Denmark’s Danica Pension reported investment losses on its market-rate pensions in the first half, with customers with medium-risk profiles taking a 4.3% hit to their pension pots – but the provider’s chief executive officer described the negative returns as satisfactory given first quarter asset value lows.
Total assets of the Danske Bank subsidiary fell to DKK429bn (€57.6bn) by the end of June from DKK435bn the same time last year, while its pretax profit for the first half rose to DKK892m from DKK766m – a 16.5% improvement the firm said was mainly due to a reduced deficit on the health and accident business.
Ole Krogh Petersen, Danica Pension CEO, said: “Considering how turbulent and unusual the first half was, I am pleased with the results we produced for our customers and for Danica Pension.”
In the interim report published today, the pension fund said the 4.3% loss on its Danica Balance Mix product, for someone with 20 years to retirement and a medium-risk profile, was “satisfactory,” in light of the fact the loss for such a individual had stood at 15% at the end of March.
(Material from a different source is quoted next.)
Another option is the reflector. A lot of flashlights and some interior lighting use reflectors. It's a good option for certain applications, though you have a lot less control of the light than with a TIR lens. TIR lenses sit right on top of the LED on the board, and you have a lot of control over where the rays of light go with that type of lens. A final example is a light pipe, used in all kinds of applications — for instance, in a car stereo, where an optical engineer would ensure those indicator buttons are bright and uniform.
Krogh Petersen said it was naturally frustrating that Danica’s customers had negative returns, but that the firm was pleased to have recovered a large part of the loss by maintaining its investment strategy.
“In 2020, it has been particularly important to keep in mind that pensions are a long game, and I am happy to note that we have consistently been guided by this principle,” he said.
After a charge for additional provisions, the return for the traditional average-rate pension scheme was -1% in the first half, down from 1.6% in the same period last year, according to the interim data.
Green investments nearly doubled in the first six months of 2020 to DKK19.6bn, Danica said, from DKK10.3bn at the end of 2019.
“This means that we are well underway to meeting our target of investing DKK30bn in the green transition by 2023, DKK50bn by 2025 and DKK100bn by 2030,” the firm said.